New Article in Stanford Computational Antitrust: Generative AI Use by Antitrust Agencies

The Stanford Computational Antitrust Project announces the publication of “Generative AI Use by Competition Authorities: Why, Why Not, and What Might Be” by Richard May. The article appears in Volume 6 of Stanford Computational Antitrust (pp. 112-138).

Antitrust agencies can use AI to gather intelligence and to run their operations more efficiently. They can build tools in-house or rely on outside providers. The article examines what this adoption can deliver and what stands in its way. The potential gains are large. The risks are real.

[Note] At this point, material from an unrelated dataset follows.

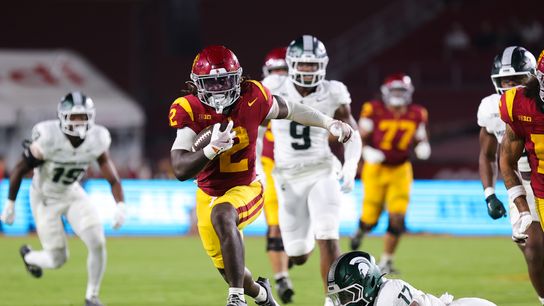 TST Images: USC beats Michigan State, 45-31 taken Los Angeles Memorial Coliseum (USC)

Some are particular to AI. Others come with any new technology.

The article argues that a top-down governance strategy matters most. Authorities need guardrails to manage the risks. They need scaling plans to turn early experiments into lasting capacity. Cooperation among authorities adds further value, since few agencies can address these problems alone. The article also looks beyond enforcement tooling. It asks whether AI might itself support pro-competitive intervention, for example through AI-based consumer agents acting on behalf of users. May treats this as a prospect rather than a recommendation. He argues it is too early to advocate such measures, while their potential merits further study.

Thibault Schrepel, founder of the Stanford Computational Antitrust Project, stated:

“Richard May moves the discussion past whether agencies should adopt AI toward how they should govern it. His focus on guardrails and scaling plans gives authorities a workable agenda. The closing reflection on AI-based consumer agents points to where the harder questions now sit.”